One morning as I was getting my kids ready for the day, my 4-year-old was running amok and jumping on his bed. I said something to the effect of, “Don’t jump on the bed,” but let’s be honest, I had said this same phrase 100 times. It always went in one ear and out the other. And then I suddenly heard from behind me: THUMP. CRACK. AHHHHHHH!!!

I turned around and saw blood welling up under my son’s lip. With a quick glance, I could see a distinct hole in his chin.

I took a deep breath. As the mother of two boys, I had been waiting for this day. Every time they jumped from one end of the couch to the other, every time they ran around the yard with sticks in their hands, every time they ran up and down the stairs with no caution, I knew this day was coming. We were finally going to end up in the emergency room.

We made a brief stop at our pediatrician’s office to see if they could stitch him up there. Unfortunately, they didn’t have the anesthetic needed for this particular injury, so we made our way to the hospital. I’m actually glad this happened, because the pediatrician’s office called ahead for us, and we were ushered right into the ER. The staff applied the anesthetic, we waited about 20 minutes, and then my son got four “string band aids” — the child life specialist’s word for “stitches.” At the end of the day, I was exhausted but also uplifted. This day could have been filled with intensely negative emotions: panic, anger, fear. However, I was surprised that focusing on the positives made this experience much more bearable. Here’s how I got through it:

I stayed calm

Needles and blood don’t usually bother me, but I’ve felt differently when my children were injured. I hate seeing them in pain, particularly at the doctor’s office when they get shots or blood tests. However, with this particular experience, I couldn’t let my son see the slightest hint of fear in me, because I knew that would cause him to panic. I tried to look away when they put the stitches in, but when I did, my son got upset. So I watched every suture, and I did it all while smiling and saying, “It’s looking good, buddy! You’re doing great!”

I showed gratitude

Throughout the day, I just kept offering thanks that this situation wasn’t any worse. I was grateful it was only his lip and chin that were injured, instead of something more serious. I was thankful that my husband worked 15 minutes from the hospital and could easily be at his son’s side. I was grateful it was my mother-in-law’s day off, and she could help us take care of our younger son while we attended to his brother. I loved every single doctor, nurse, and child life specialist who treated my son with kindness and patience. The whole day, I focused on the good things around me, which helped me not give in to any panic.

I felt proud of my kid

I could have gotten very angry with my son for jumping on the bed and messing up my entire day with a trip to the ER. Instead, I was filled with intense pride for him.
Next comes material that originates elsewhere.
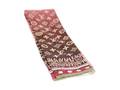 SCARF, LOUIS VUITTON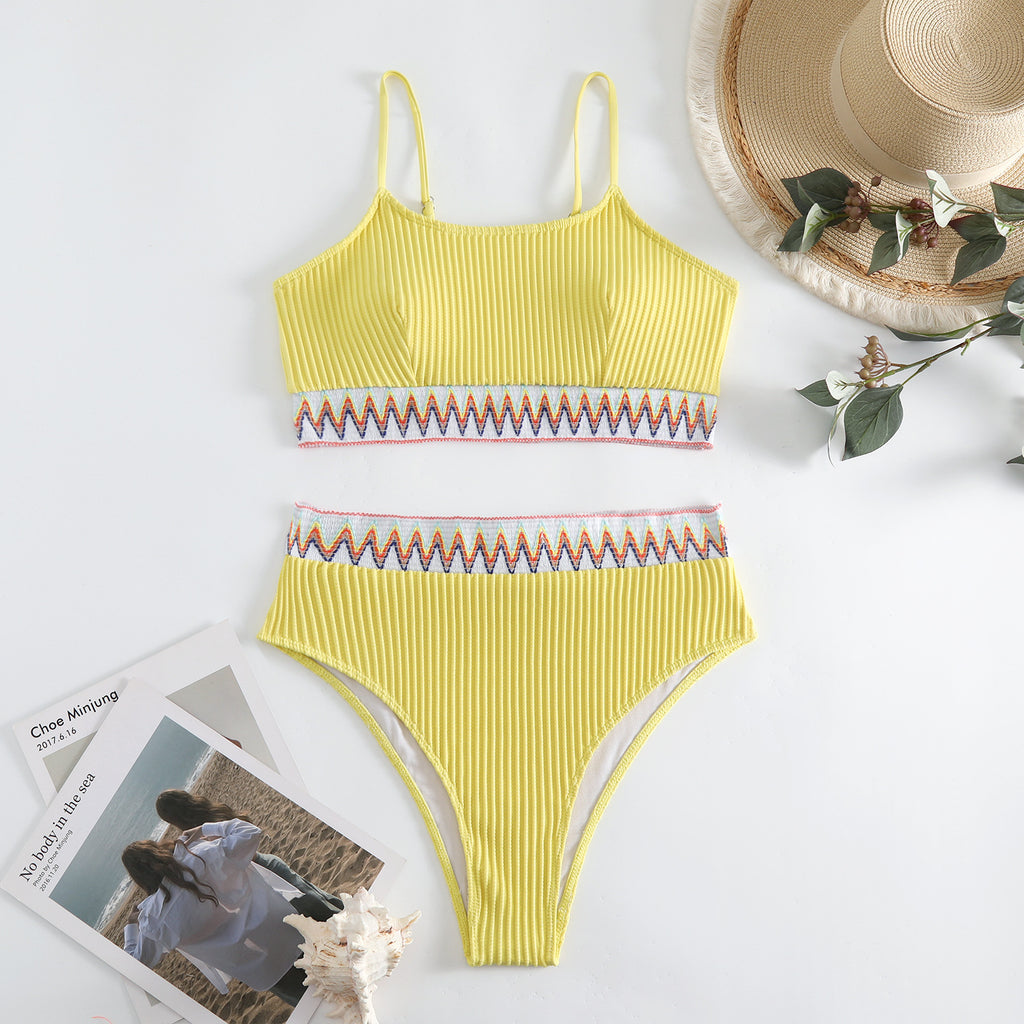 Velora Luxury Bikini Set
I was proud of him for being so good with the medical staff. He calmly let them examine his face, and he even had fun playing with superhero action figures as we waited for his stitches. Of course, he understandably shed plenty of tears, but he also showed me a side of himself I had never seen before — one that is brave and trusting. Throughout the day, I just marveled at what an amazing person he has become.

Of course, when the dust settled, I fully realized the trauma we had just experienced. The next day, my skin crawled at the realization that I had seen the inside of my child’s face. I felt nauseous as I flashed back to the image of my hands covered in blood. And two days later, I finally broke down crying. However, now that more time has passed, I can look back on our first ER trip as a great big learning experience. My son certainly learned a lesson about not jumping on the bed. My husband and I experienced a right of passage as parents. We’ll tell this story for years to come, laugh about what a great adventure we had, and smile every time we see the faint scar on my son’s chin.